Eddy Avenue is a street in the Sydney central business district of New South Wales, Australia. It runs west from Elizabeth Street to Pitt Street outside Central station.

== History ==
Eddy Avenue was built in 1905, during the construction of Central Railway Station. It was named after Edward Eddy, who served as Commissioner of Railways from 1887 to 1897.

==Description==
Eddy Avenue runs in a north-westerly direction for 200 metres from Elizabeth Street to Pitt Street. To the north Belmore Park runs along its full length, while to the south is Central station.

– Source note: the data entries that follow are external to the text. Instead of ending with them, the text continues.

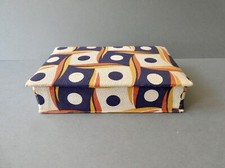 boite à couture ou courrier des années 50, en carton et tissu graphique, vintage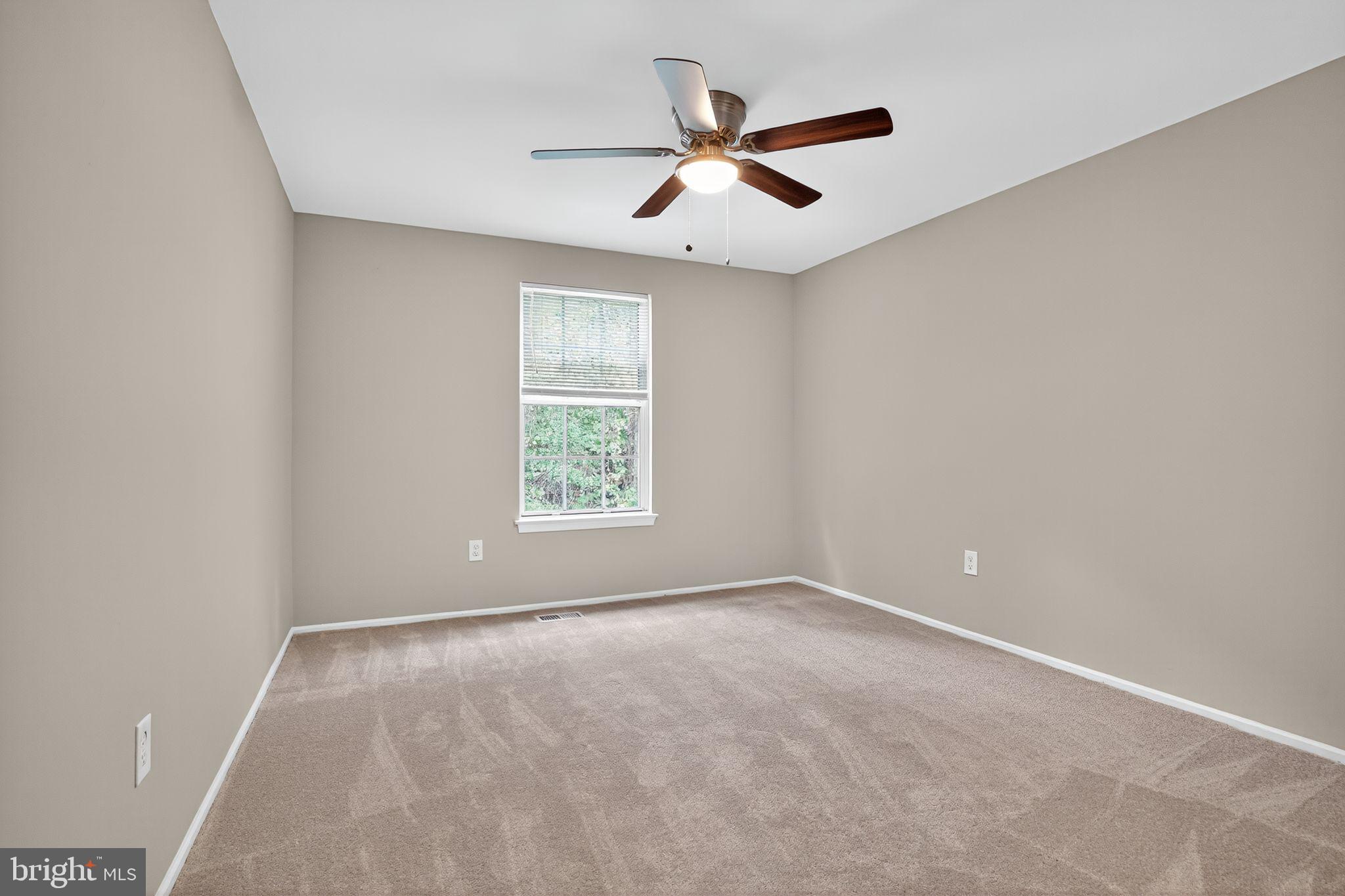 Real estate listing preview #6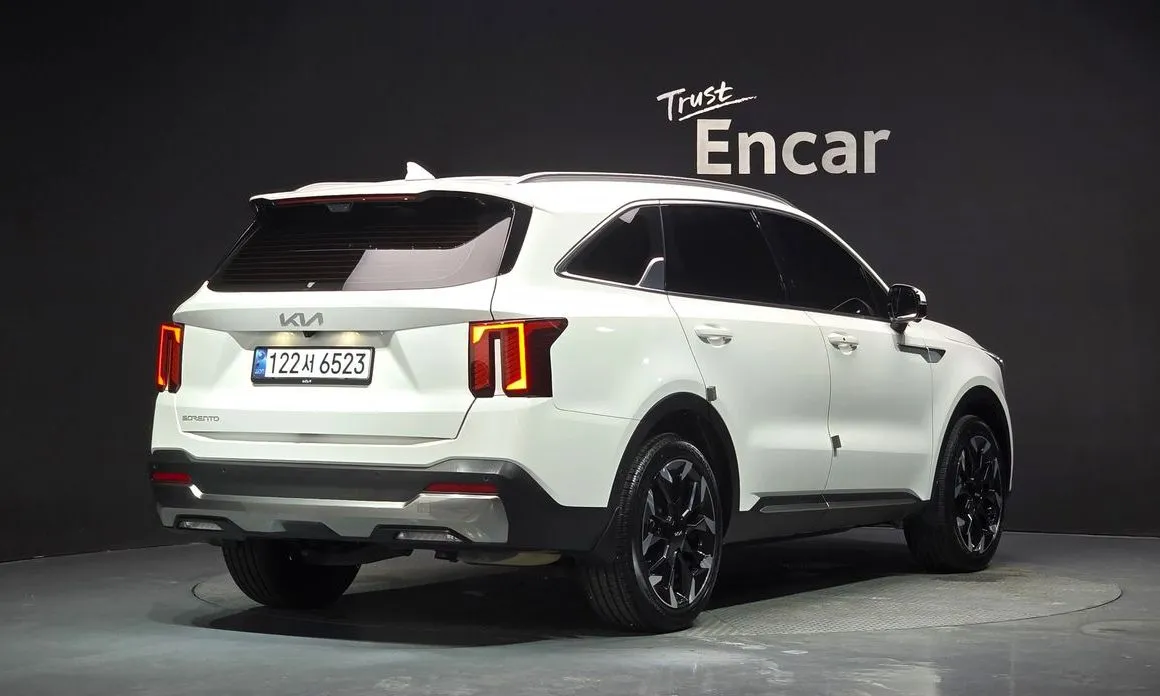 Kia Sorento — фото 4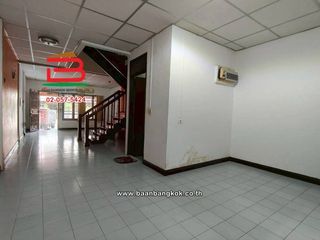 For rent 2 ベッドルーム townhouse in Sai Mai, Bangkok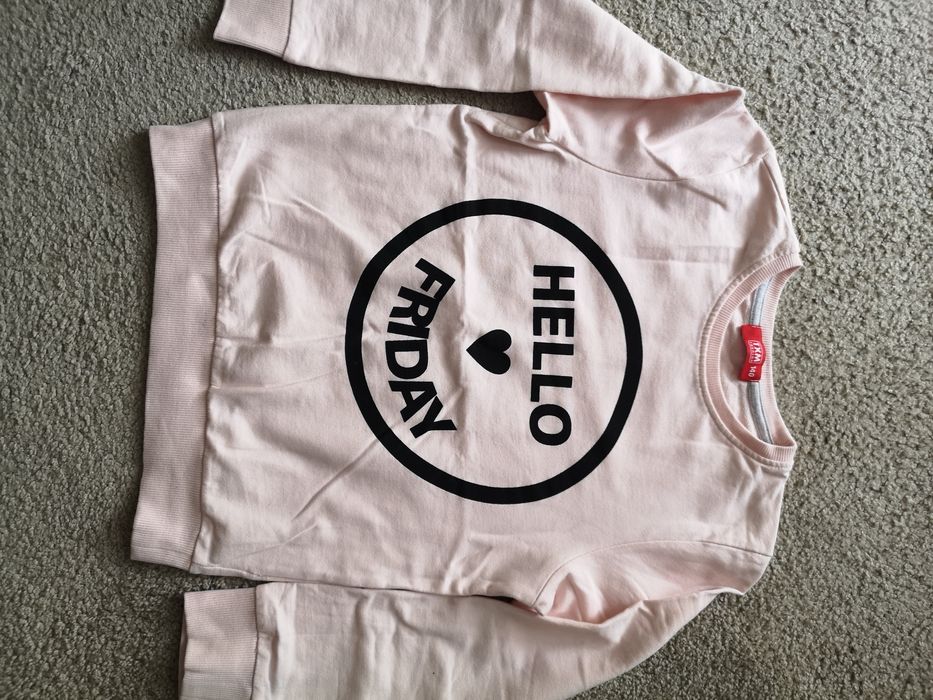 Bluza bawełniana z długim rękawem w r. 140.jak nowa.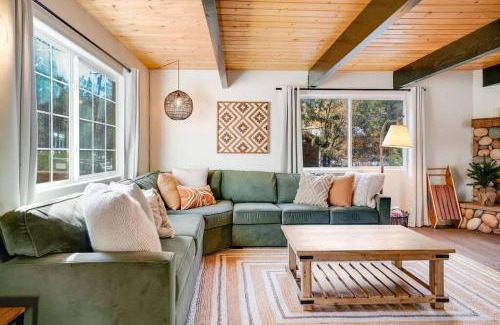 Sugarloaf House | Pine Den Cabin: Arcade+Fire Pit+BBQ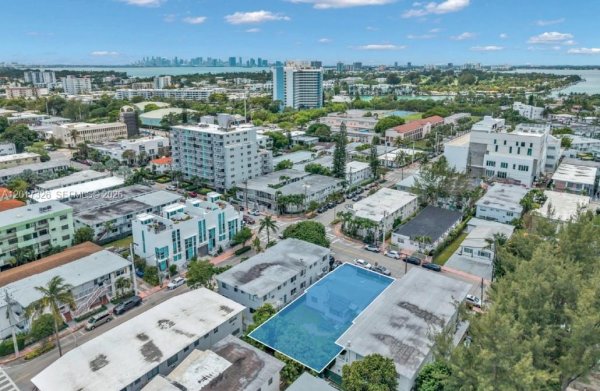 7711 Carlyle Ave Miami Beach, FL 33141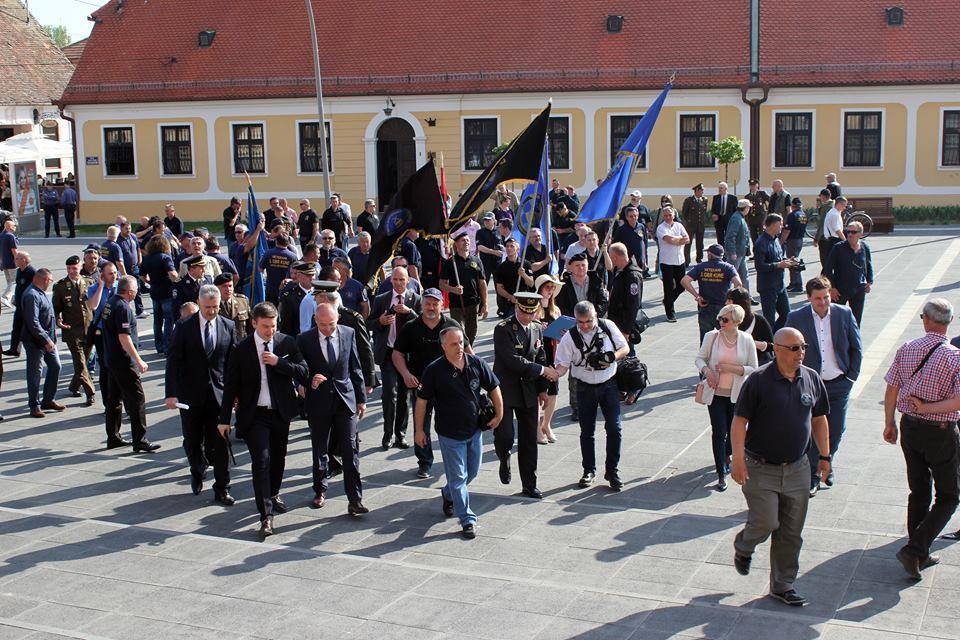 31543925_1663587663689668_1318687085950926848_n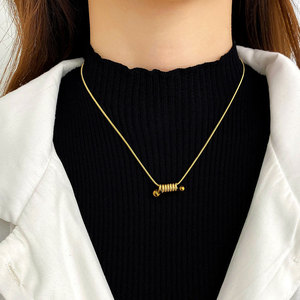 Collier pendentif à ressort en acier inoxydable 316L plaqué or 18 carats, résistant à l'eau et inaltérable, avec logo personnalisé, pour femme - Product Image 3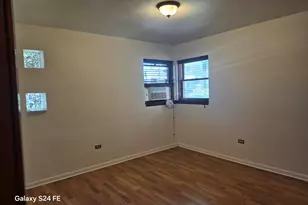 5855 W Higgins Ave, Chicago, IL 60630 - Photo 14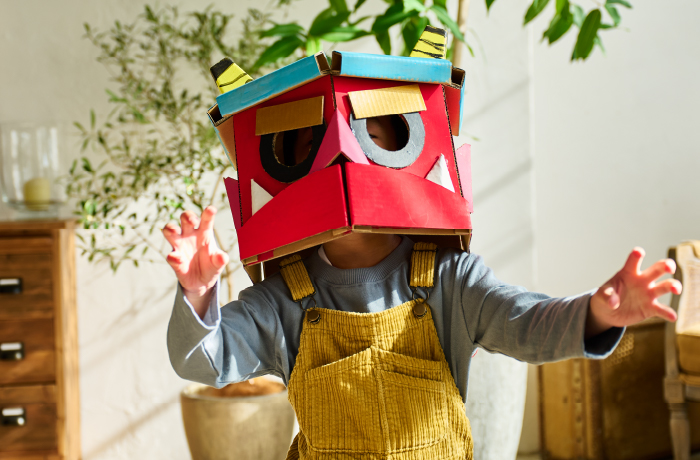 ダンボールで節分の鬼のお面を手作りして遊んでいる子ども。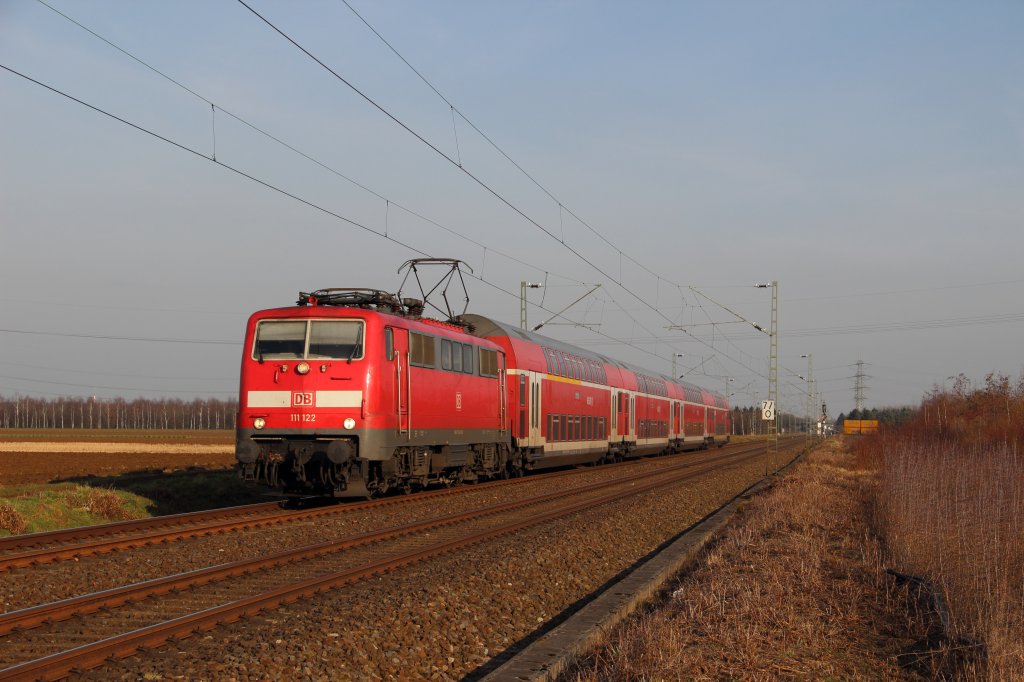 111 122 mit dem RE 10450 (Dsseldorf Hbf - Aachen Hbf) in Bttgen am 18.02.13. Seit Fahrplanwechsel Dezember 12, fahren zwei der insgesamt 4 Verstrker mit 111 + Dostos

Three lanes of road traffic run in each direction. On its northern side it has a row of bus stops that are served by Transdev John Holland and Transit Systems services to the Eastern Suburbs. On the southern side, two bus stands were served by Sydney Buses services to Railway Square and Greyhound Australia interstate services. In April 2017, the coach bays relocated to the western forecourt of Central station. Since the introduction of the light rail services, the Big Bus Tours sightseeing services stop in Pitt Street just south of Eddy Avenue.

Until the early 1960s, Eddy Avenue had tram lines running down its central reservation. The CBD and South East Light Rail commenced operation along Eddy Avenue in December 2019 after construction commended in May 2017.
In July 1990, the 1910 built tram waiting shed was demolished as part of the construction of the coach terminal.